**What to produce:**
Write out the data word for word and drop any picture you find.

**Data supplied:**
#####

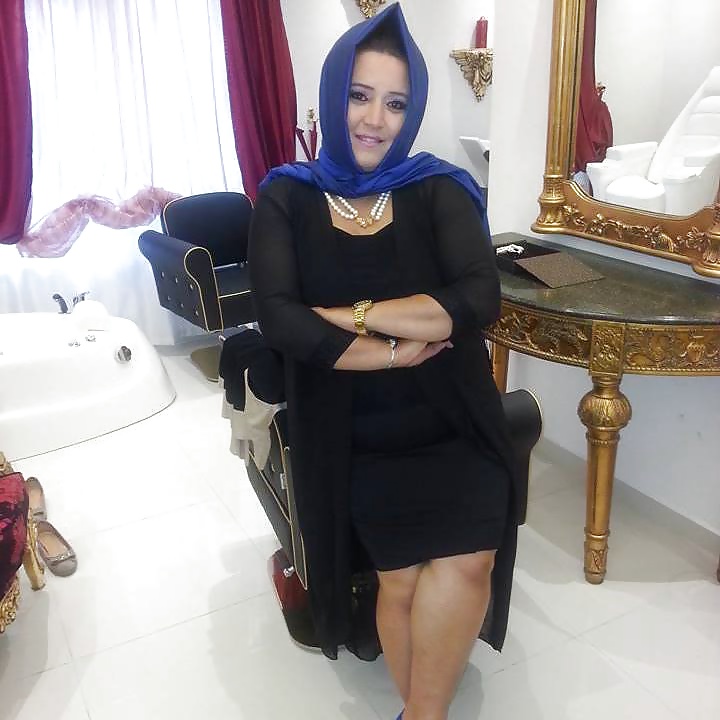 Turbanli turco hijab árabe yeni ufak
 #27784532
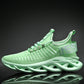 Scarpe sportive casual da uomo, scarpe da ginnastica da allenamento, scarpe da passeggio, scarpe da ginnastica chiuse, scarpe che aumentano l'altezza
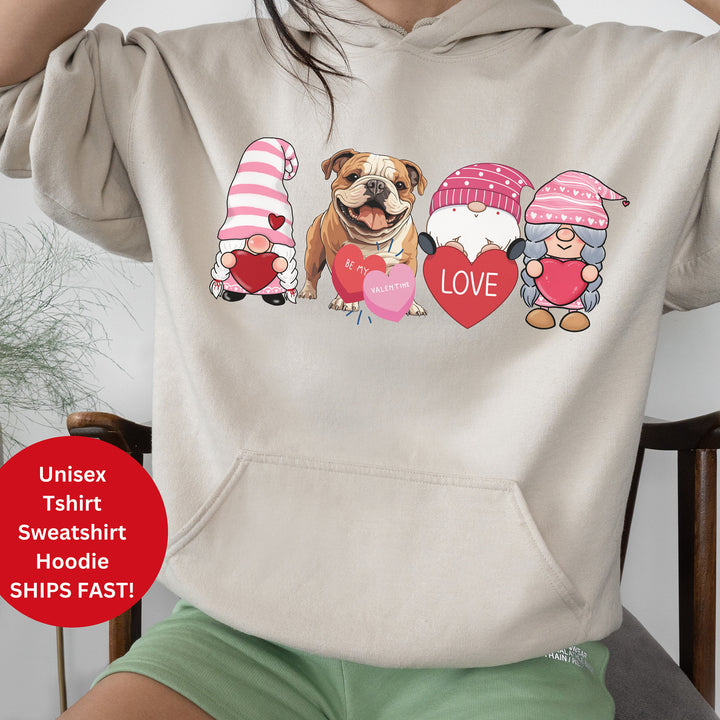 Dog Lover T-shirt sweatshirt hoodie gift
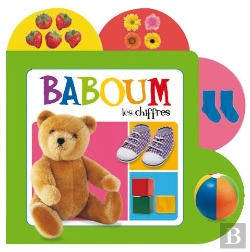 Bertrand.pt - Baboum ; Les Chiffres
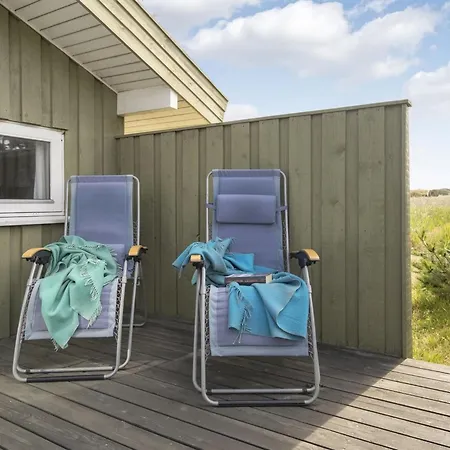 Nyaraló Syni - 500m From The Sea By Interhome *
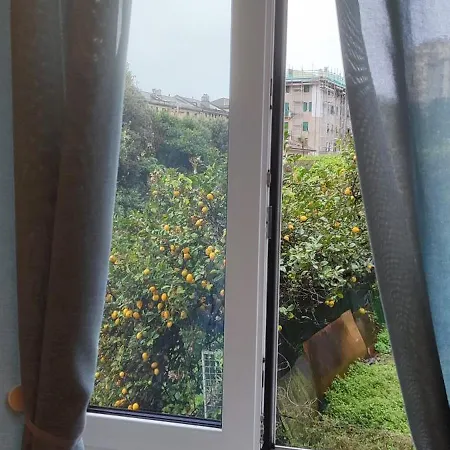 La Casa Di Linda *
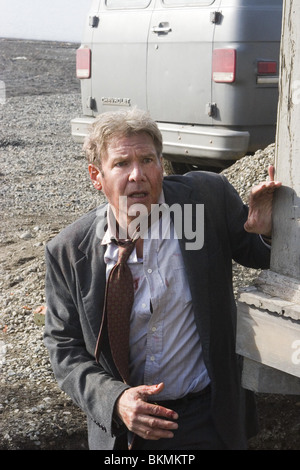 -2006 PARE-FEU HARRISON FORD Banque D'Images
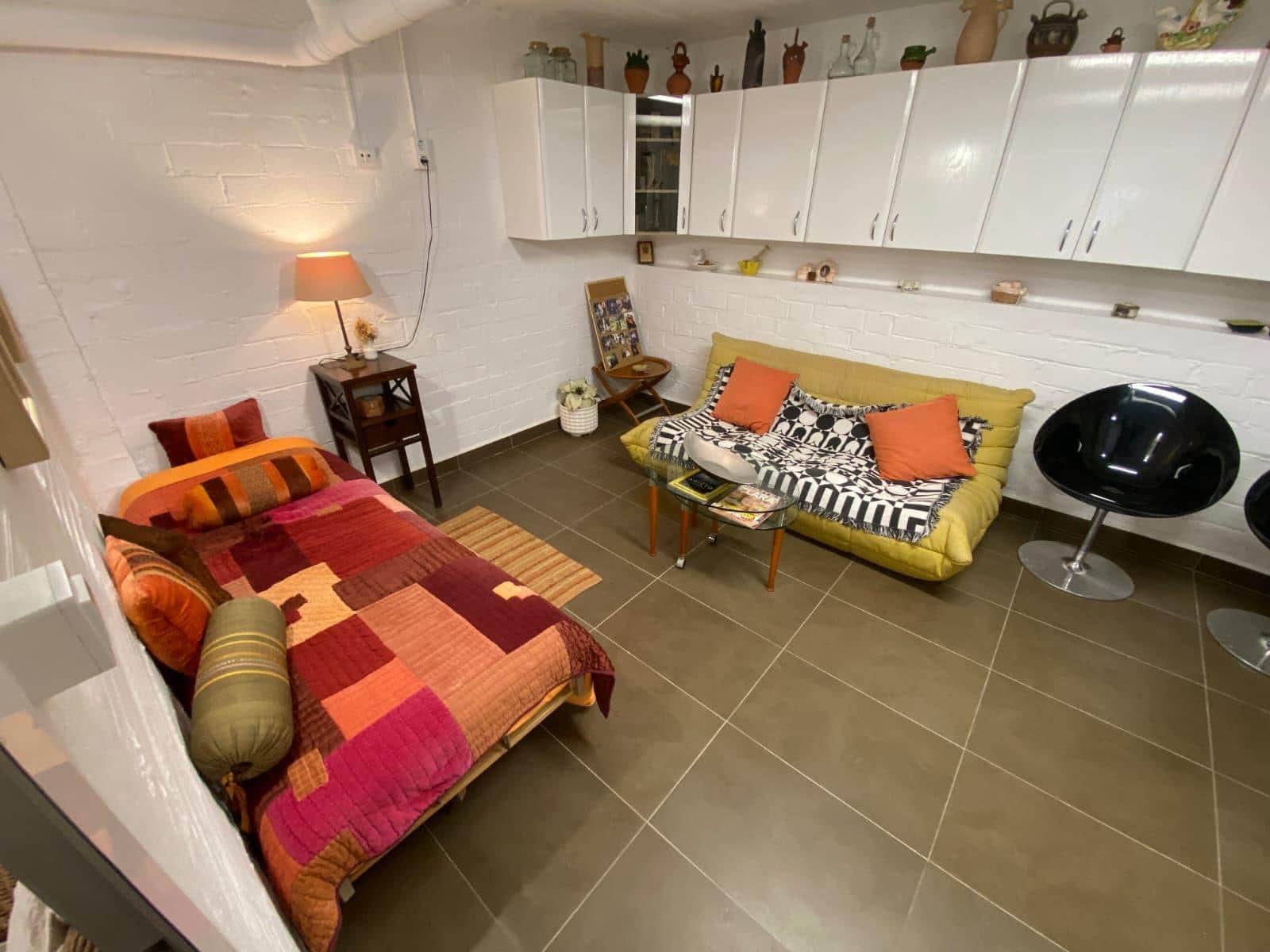 4 bedroom Terraced Villa for sale in Segur de Calafell with garage - € 365,000 (Ref: 9591391)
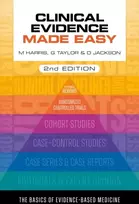 KNYGA M Harris Clinical Evidence Made Easy, second edition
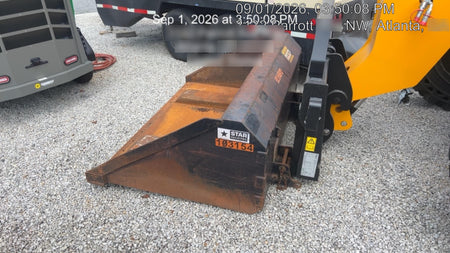 2020 STAR INDUSTRIES 1406B
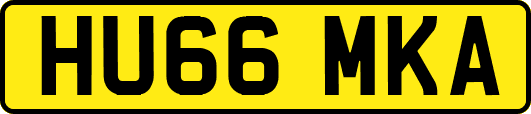 HU66MKA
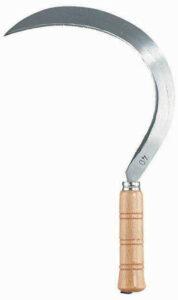 leborgne-faucille-a-dents-30-cm-178x300 Fabriquer un tuteur à tomates en bambou ou en bois recyclé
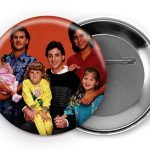 Retro 80's - Nothin' But Buttons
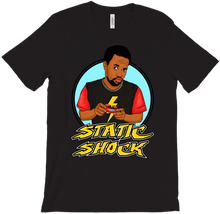 xstaticshock T-Shirts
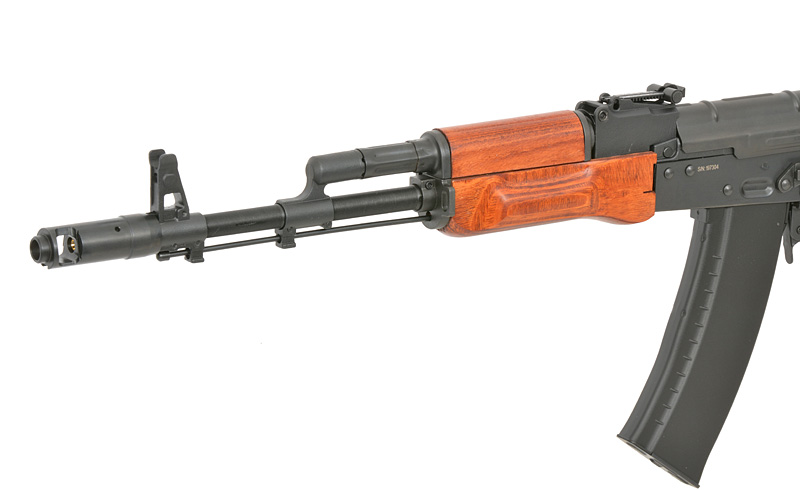 CM.056 Full Steel AK replica Eshooter ETU [CYMA] | Taiwangun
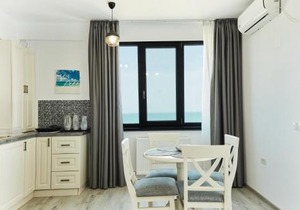 Apartments Excelsior Mamaia Nord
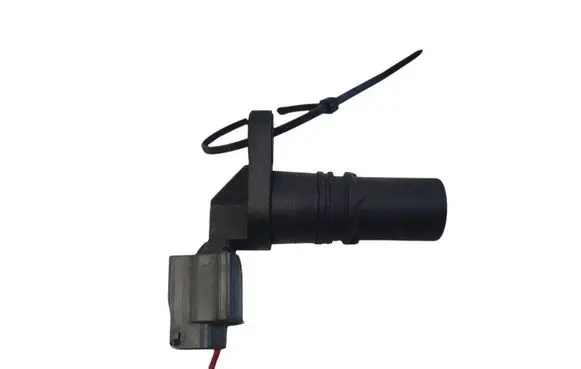 Nissan Qashqai Crankshaft position sensor 8200885209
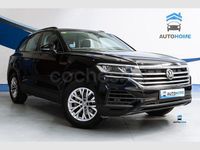 Usado VW Touareg Pure 231 CV (169 kW) 2020 Negro SUV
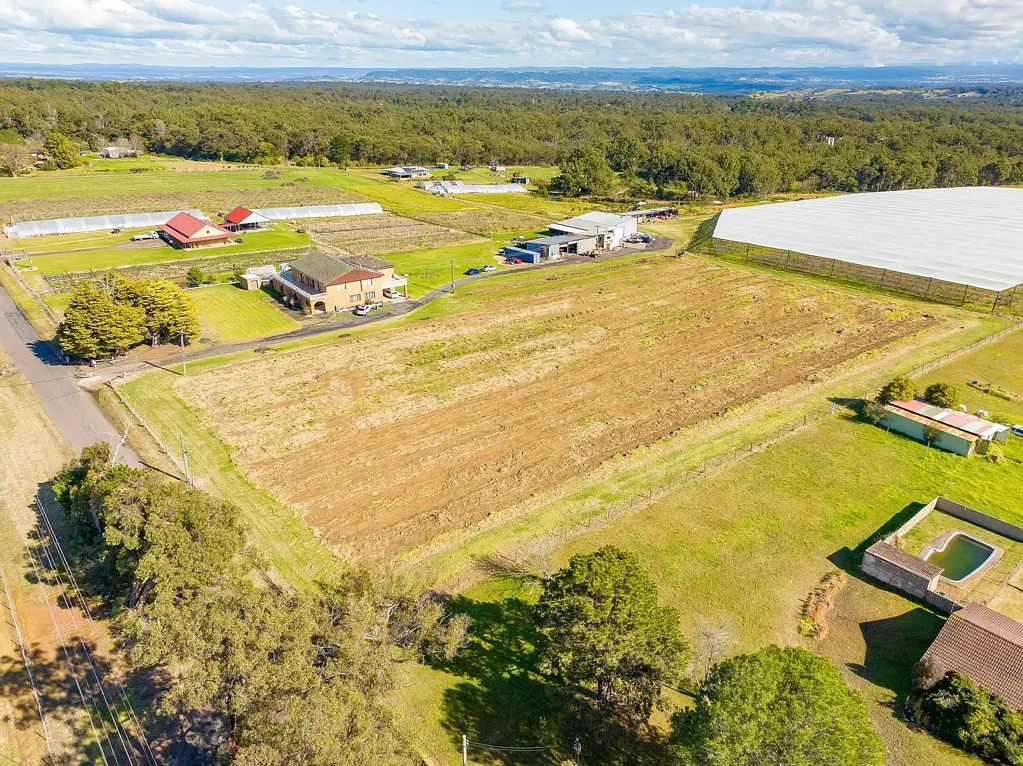 Wedderburn 28英亩平坦土地 小型水坝添趣 乡村景观壮丽 私密宁静生活 空间无限自由 Escape to Tranquility - 32 Acres | Build your dream home | Stunning Views | Lifestyle Opportunity
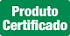 Etiqueta Produto Certificado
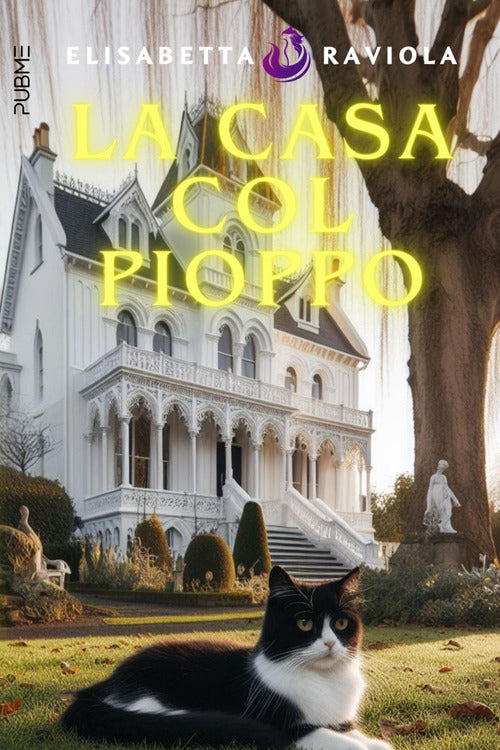 La casa col pioppo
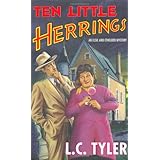 ten little herrings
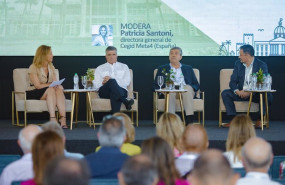 ep archivo   el sector agroalimentario espanol busca impulsar alianzas estrategicas con iberoamerica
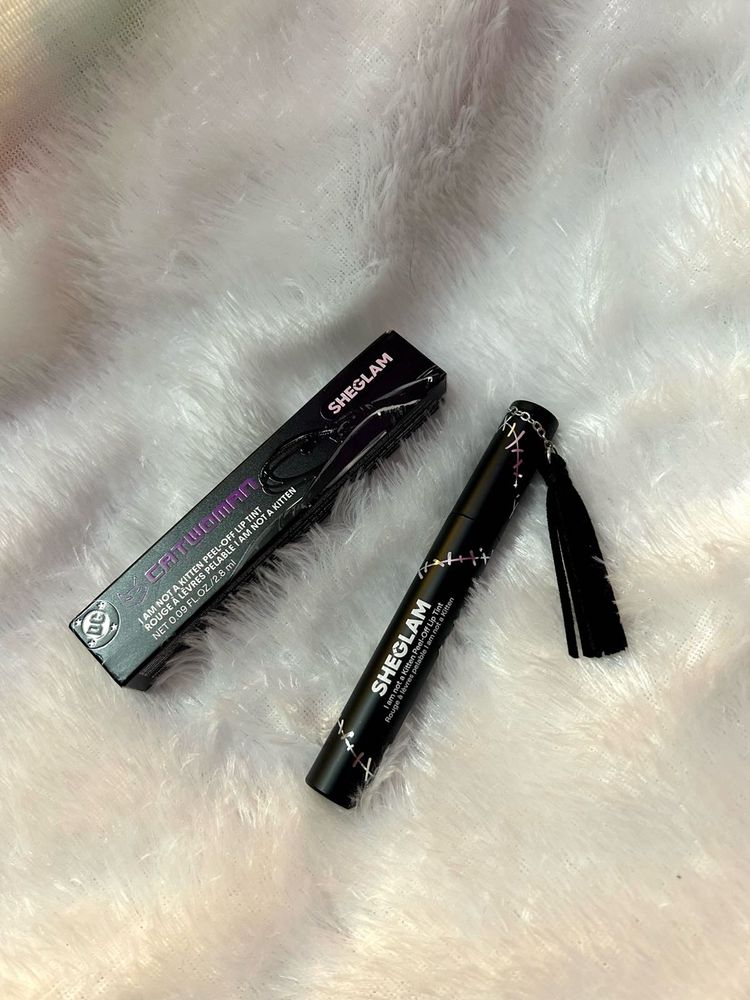 SHEGLAM Peel-Off Lip Tint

#####

**Completed exercise:**
 Turbanli turco hijab árabe yeni ufak
 #27784532
 Scarpe sportive casual da uomo, scarpe da ginnastica da allenamento, scarpe da passeggio, scarpe da ginnastica chiuse, scarpe che aumentano l'altezza
 Dog Lover T-shirt sweatshirt hoodie gift
 Bertrand.pt - Baboum ; Les Chiffres
 Nyaraló Syni - 500m From The Sea By Interhome *
 La Casa Di Linda *
 -2006 PARE-FEU HARRISON FORD Banque D'Images
 4 bedroom Terraced Villa for sale in Segur de Calafell with garage - € 365,000 (Ref: 9591391)
 KNYGA M Harris Clinical Evidence Made Easy, second edition
 2020 STAR INDUSTRIES 1406B
 HU66MKA
 leborgne-faucille-a-dents-30-cm-178x300 Fabriquer un tuteur à tomates en bambou ou en bois recyclé
 Retro 80's - Nothin' But Buttons
 xstaticshock T-Shirts
 CM.056 Full Steel AK replica Eshooter ETU [CYMA] | Taiwangun
 Apartments Excelsior Mamaia Nord
 Nissan Qashqai Crankshaft position sensor 8200885209
 Usado VW Touareg Pure 231 CV (169 kW) 2020 Negro SUV
 Wedderburn 28英亩平坦土地 小型水坝添趣 乡村景观壮丽 私密宁静生活 空间无限自由 Escape to Tranquility - 32 Acres | Build your dream home | Stunning Views | Lifestyle Opportunity
 Etiqueta Produto Certificado
 La casa col pioppo
 ten little herrings
 ep archivo   el sector agroalimentario espanol busca impulsar alianzas estrategicas con iberoamerica
 SHEGLAM Peel-Off Lip Tint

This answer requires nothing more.